Reproduce the full listing below exactly. Do not include the pictures.

* [Data]:
○ ○ ○ ○ ○ ○ ○
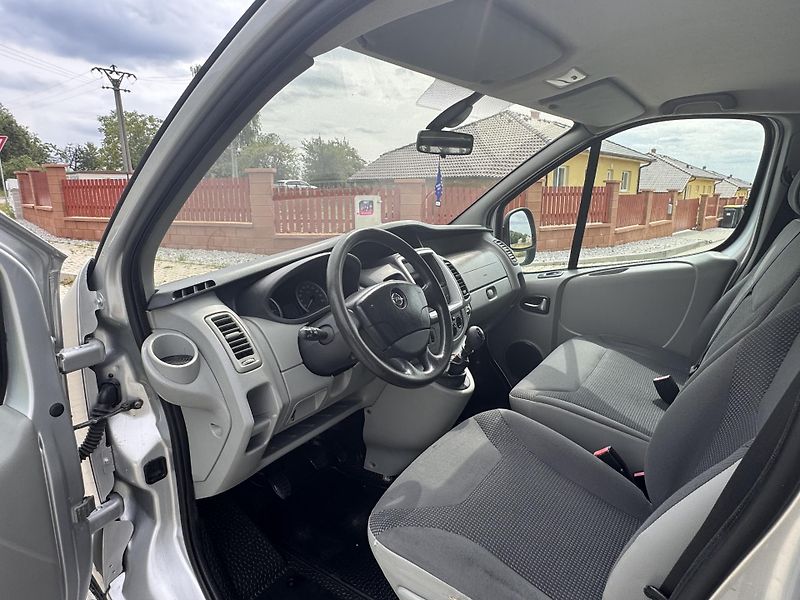 Opel Vivaro 2.0CDTI 84Kw L2 - 9.Mist - fotka 5 z 17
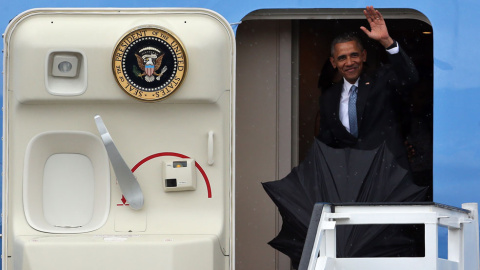Obama saluda desde el avión a su llegada a La Habana. EFE Obama saluda desde el avión a su llegada a La Habana. EFE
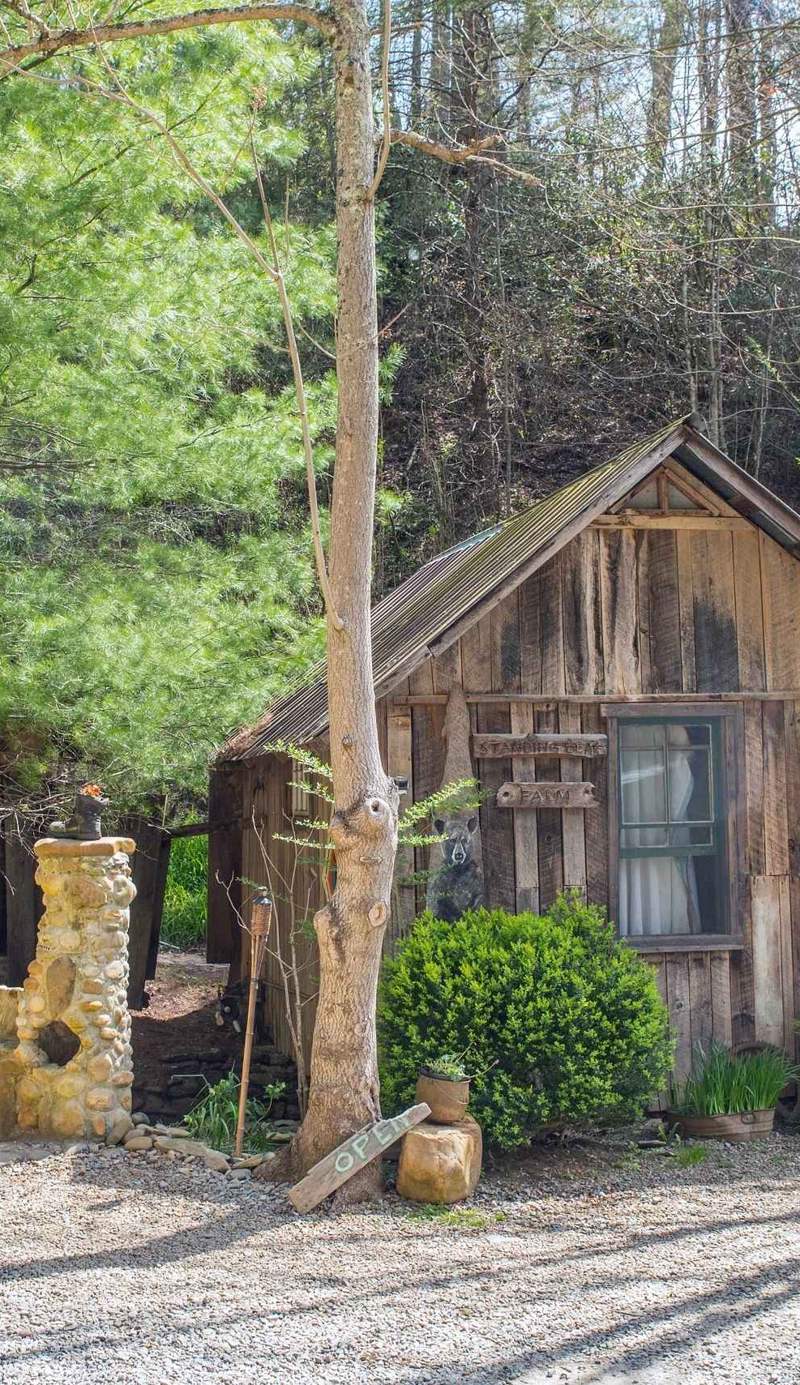 Standing Bear Farm Hostel
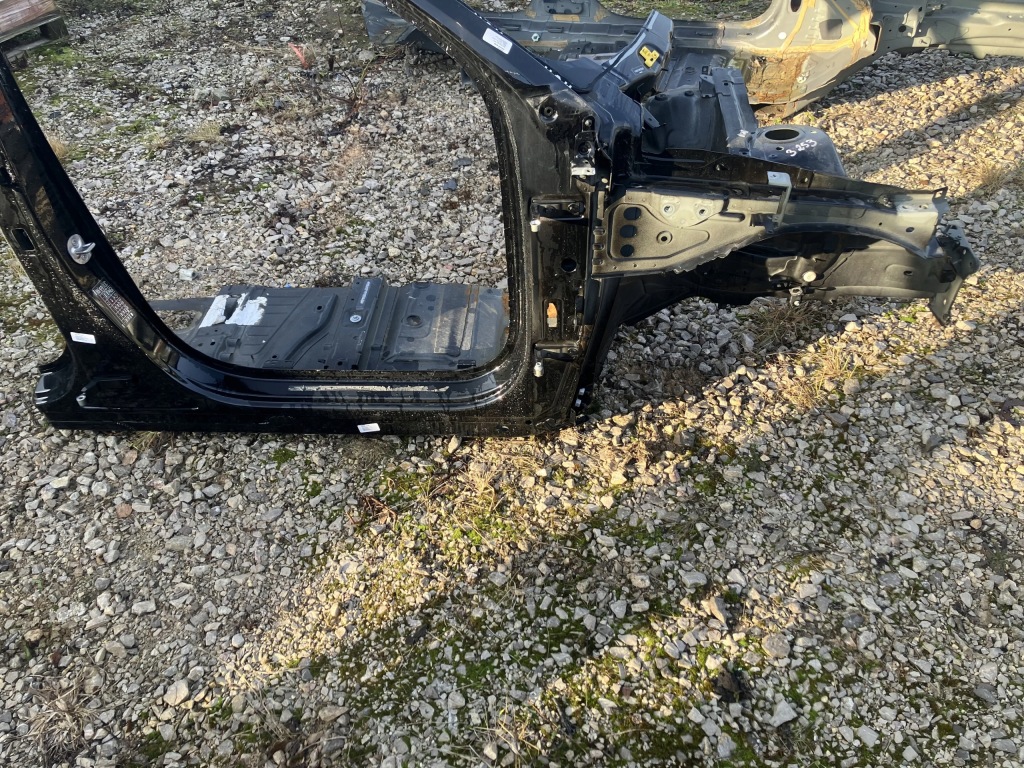 фото №2, Лонжерон правая порог четверть volvo ec40 c40 019 black камень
○ ○ ○ ○ ○ ○ ○
* [Solution to this exercise]:
 Opel Vivaro 2.0CDTI 84Kw L2 - 9.Mist - fotka 5 z 17
Obama saluda desde el avión a su llegada a La Habana. EFE Obama saluda desde el avión a su llegada a La Habana. EFE
 Standing Bear Farm Hostel
 фото №2, Лонжерон правая порог четверть volvo ec40 c40 019 black камень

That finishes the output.